Quis, portanto, actuar da forma assim descrita, o que configura dolo directo - artigo 14.º, n.º 1 do Código Penal.

Por fim, vindo o arguido acusado da prática do crime em análise por referência à alínea a) do artigo 348.º, n.º 1, do Código Penal, é necessário que exista uma disposição legal a cominar, no caso, a punição da desobediência simples, o que se verifica no já citado artigo 152.º, n.º 3, do Código da Estrada, sem necessidade que o funcionário faça a respectiva advertência (que, no caso, até foi efectuada)”.

                                                        *

Em suma, considerando que a apurada conduta do arguido AA preenche todos os elementos objectivos subjectivos do crime previsto e punido pelo artigo 348.º, n.º 1, alínea a), do Código Penal, ex vi artigo 152.º, n.os 1, alínea a), e 3 do Código da Estrada, e punido ainda pelo artigo 69.º, n.º 1, alínea c), do Código Penal, deve o recurso ser julgado totalmente improcedente.

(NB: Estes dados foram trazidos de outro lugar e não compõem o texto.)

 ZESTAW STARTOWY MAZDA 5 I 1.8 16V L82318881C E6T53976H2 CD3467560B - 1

                                                      *

III – Decisão

Pelo exposto, acordam os juízes da Secção Criminal deste Tribunal da Relação em negar provimento ao recurso e, consequentemente, confirmam a sentença recorrida.

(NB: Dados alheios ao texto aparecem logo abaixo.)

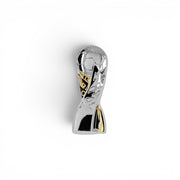Franz Beckenbauer Cup Pin Badge aus silber- und goldfarbenem Zamak mit detailliertem Trophäen-Design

Custas do recurso a cargo do recorrente, fixando-se a taxa de justiça em 3 UC (artigos 515.º, n.º 1, alínea b), do CPP e 8.º, n.º 9 do RCP e Tabela III anexa).

Baixados os autos, a 1.ª instância diligenciará pela notificação do arguido para que proceda à entrega da carta de condução, no prazo de dez dias, sob a cominação devida.

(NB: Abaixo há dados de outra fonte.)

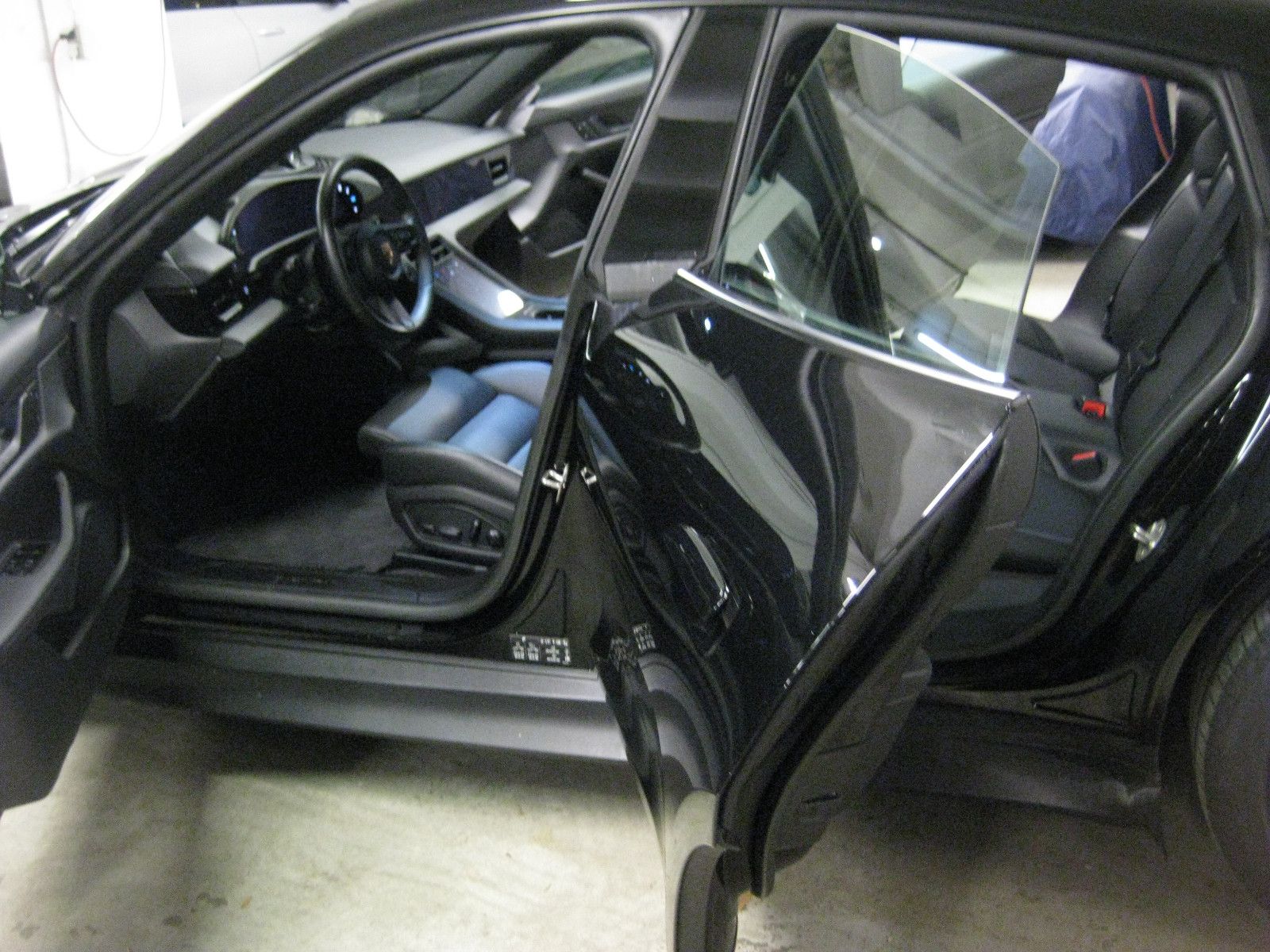 Porsche Taycan schw/schw,,per.batt,20",kamera foto 11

                                   Coimbra, 29 de Junho de 2023

(Elaborado e integralmente revisto pela primeira signatária, assinado electronicamente por todos os signatários – artigo 94.º, n.os 2 e 3 do CPP)

                                       Helena Bolieiro – relatora

                                    Teresa Coimbra – 1.ª adjunta

                                       Rosa Pinto – 2.ª adjunta


[1]
[2]
              
              
[3] Cf. o Acórdão da Relação de Évora de 20-01-2014, proferido no processo n.º 228/13.3GHSTC.E1 e disponível na Internet em <http://www.dgsi.pt>.
              
              
[4] Aresto proferido no processo n.º 9/18.8GBODM.E2 e disponível na Internet em <http://www.dgsi.pt>. No mesmo sentido de que a recusa sem motivo justificado a se submeter ao teste quantitativo, constitui crime de desobediência cf. o Acórdão da Relação de Guimarães de 05-12-2016, proferido no processo n.º 255/16.9GCBRG.G1 e disponível no mesmo sítio da Internet.